On Sat, Apr 6, 2013 at 6:05 AM, Jarek Jarcec Cecho <[email protected]>wrote:

> Hi Christian,
> thank you very much for sharing the log and please accept my apologies for
> late response.
>
> Closely looking into your exception, I can confirm that it's the S3 file
> system that is creating the files in /tmp and not Sqoop itself.
>
> > [hostaddress] out: 13/04/02 01:56:03 INFO s3native.NativeS3FileSystem:
> > OutputStream for key 'some_table/_SUCCESS' writing to tempfile '*
> > /tmp/hadoop-jenkins/s3/output-1400873345908825433.tmp*'
>
> Taking a brief look into the source code [1], it seems that it's the
> method newBackupFile() defined on line 195 that is responsible for creating
> the temporary file. And also it seems that it's behaviour can be altered
> using fs.s3.buffer.dir property. Would you mind to try use it in your Sqoop
> execution?
>
>   sqoop import -Dfs.s3.buffer.dir=/custom/path ...
>
> I've also noticed that you're using the LocalJobRunner which is suggesting
> Sqoop is executing all jobs locally on your machine and not on your Hadoop
> cluster. I would recommend checking Hadoop configuration in case that your
> intention is to run your data transfer in parallel.
>
> Jarcec
>
> Links:
> 1:
> http://hadoop.apache.org/docs/r2.0.3-alpha/api/src-html/org/apache/hadoop/fs/s3native/NativeS3FileSystem.html
>
> On Tue, Apr 02, 2013 at 11:38:35AM +0100, Christian Prokopp wrote:
> > Hi Jarcec,
> >
> > I am running the command on the CLI of a cluster node. It appears to run
> a
> > local MR job writing the results to /tmp before sending it to S3:
> >
> > [..]
> > [hostaddress] out: 13/04/02 01:52:49 INFO mapreduce.MySQLDumpMapper:
> > Beginning mysqldump fast path import
> > [hostaddress] out: 13/04/02 01:52:49 INFO mapreduce.MySQLDumpMapper:
> > Performing import of table image from database some_db
> > [hostaddress] out: 13/04/02 01:52:49 INFO mapreduce.MySQLDumpMapper:
> > Converting data to use specified delimiters.

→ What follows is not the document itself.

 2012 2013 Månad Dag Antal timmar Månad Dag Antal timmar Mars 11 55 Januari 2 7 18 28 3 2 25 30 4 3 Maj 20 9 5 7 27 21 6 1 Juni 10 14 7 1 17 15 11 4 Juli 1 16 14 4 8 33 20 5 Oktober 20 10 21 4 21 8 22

> > [hostaddress] out: 13/04/02 01:52:49 INFO mapreduce.MySQLDumpMapper: (For
> > the fastest possible import, use
> > [hostaddress] out: 13/04/02 01:52:49 INFO mapreduce.MySQLDumpMapper:
> > --mysql-delimiters to specify the same field
> > [hostaddress] out: 13/04/02 01:52:49 INFO mapreduce.MySQLDumpMapper:
> > delimiters as are used by mysqldump.)
> > [hostaddress] out: 13/04/02 01:52:54 INFO mapred.LocalJobRunner:
> > [hostaddress] out: 13/04/02 01:52:55 INFO mapred.JobClient:  map 100%
> > reduce 0%
> > [hostaddress] out: 13/04/02 01:52:57 INFO mapred.LocalJobRunner:
> > [..]
> > [hostaddress] out: 13/04/02 01:53:03 INFO mapred.LocalJobRunner:
> > [hostaddress] out: 13/04/02 01:54:42 INFO mapreduce.MySQLDumpMapper:
> > Transfer loop complete.
> > [hostaddress] out: 13/04/02 01:54:42 INFO mapreduce.MySQLDumpMapper:
> > Transferred 668.9657 MB in 113.0105 seconds (5.9195 MB/sec)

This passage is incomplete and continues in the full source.